> _Task statement_
Please restate the material below word for word, from the first line through the one that contains "Mystery Spin Deluxe Megaways", inclusive.

> _The records_
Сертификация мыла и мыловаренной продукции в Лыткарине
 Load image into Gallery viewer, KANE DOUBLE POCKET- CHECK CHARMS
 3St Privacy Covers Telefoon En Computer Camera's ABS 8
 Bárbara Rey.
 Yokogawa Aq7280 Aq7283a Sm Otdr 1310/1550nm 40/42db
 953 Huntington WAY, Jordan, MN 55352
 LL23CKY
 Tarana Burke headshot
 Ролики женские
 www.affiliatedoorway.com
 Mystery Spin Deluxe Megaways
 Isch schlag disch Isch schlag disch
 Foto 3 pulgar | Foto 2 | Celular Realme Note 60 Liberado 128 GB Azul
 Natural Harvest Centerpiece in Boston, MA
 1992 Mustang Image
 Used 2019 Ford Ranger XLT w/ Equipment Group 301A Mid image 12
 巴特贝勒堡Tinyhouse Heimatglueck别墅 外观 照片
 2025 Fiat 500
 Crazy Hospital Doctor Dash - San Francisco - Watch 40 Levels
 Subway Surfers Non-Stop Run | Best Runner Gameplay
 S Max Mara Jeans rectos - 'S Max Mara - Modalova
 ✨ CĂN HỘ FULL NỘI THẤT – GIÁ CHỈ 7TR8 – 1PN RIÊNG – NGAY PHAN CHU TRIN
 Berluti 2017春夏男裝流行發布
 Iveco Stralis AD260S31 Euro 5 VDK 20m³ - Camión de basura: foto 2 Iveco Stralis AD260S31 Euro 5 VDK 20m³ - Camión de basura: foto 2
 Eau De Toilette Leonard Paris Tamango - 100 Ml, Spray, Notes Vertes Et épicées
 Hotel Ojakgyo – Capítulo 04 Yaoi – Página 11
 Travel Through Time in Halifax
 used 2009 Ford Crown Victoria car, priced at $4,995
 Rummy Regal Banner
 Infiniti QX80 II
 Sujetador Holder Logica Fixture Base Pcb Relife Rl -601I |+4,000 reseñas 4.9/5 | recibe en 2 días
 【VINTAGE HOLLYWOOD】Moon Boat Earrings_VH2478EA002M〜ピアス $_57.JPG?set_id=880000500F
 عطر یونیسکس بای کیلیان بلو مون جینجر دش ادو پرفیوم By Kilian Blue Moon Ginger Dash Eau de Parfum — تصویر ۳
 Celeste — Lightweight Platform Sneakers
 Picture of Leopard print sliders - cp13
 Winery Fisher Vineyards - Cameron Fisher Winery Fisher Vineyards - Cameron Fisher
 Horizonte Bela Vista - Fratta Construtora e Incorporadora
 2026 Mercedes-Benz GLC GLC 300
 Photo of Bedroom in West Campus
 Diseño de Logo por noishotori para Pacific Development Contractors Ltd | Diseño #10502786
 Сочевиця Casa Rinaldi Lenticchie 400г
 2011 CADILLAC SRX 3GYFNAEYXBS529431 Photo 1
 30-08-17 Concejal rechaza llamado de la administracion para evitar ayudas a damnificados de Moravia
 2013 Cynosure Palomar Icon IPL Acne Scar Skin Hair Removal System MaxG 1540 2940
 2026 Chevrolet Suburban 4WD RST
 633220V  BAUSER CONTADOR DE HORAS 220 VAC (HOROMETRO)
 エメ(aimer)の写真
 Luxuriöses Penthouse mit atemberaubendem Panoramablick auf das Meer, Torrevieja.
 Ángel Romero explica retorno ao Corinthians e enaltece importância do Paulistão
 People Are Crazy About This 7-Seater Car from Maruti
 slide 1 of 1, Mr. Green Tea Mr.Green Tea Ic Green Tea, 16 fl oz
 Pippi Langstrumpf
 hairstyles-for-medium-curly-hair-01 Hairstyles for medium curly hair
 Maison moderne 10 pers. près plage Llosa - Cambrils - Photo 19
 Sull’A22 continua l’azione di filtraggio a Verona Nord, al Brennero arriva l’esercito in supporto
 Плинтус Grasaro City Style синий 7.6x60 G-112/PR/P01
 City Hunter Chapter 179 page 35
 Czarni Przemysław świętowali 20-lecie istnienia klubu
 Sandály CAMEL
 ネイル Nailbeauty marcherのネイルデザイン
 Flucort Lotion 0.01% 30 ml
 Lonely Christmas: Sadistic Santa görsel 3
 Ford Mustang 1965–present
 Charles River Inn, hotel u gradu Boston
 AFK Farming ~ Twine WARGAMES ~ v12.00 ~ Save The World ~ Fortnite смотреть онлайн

> _Answer box_
Сертификация мыла и мыловаренной продукции в Лыткарине
 Load image into Gallery viewer, KANE DOUBLE POCKET- CHECK CHARMS
 3St Privacy Covers Telefoon En Computer Camera's ABS 8
 Bárbara Rey.
 Yokogawa Aq7280 Aq7283a Sm Otdr 1310/1550nm 40/42db
 953 Huntington WAY, Jordan, MN 55352
 LL23CKY
 Tarana Burke headshot
 Ролики женские
 www.affiliatedoorway.com
 Mystery Spin Deluxe Megaways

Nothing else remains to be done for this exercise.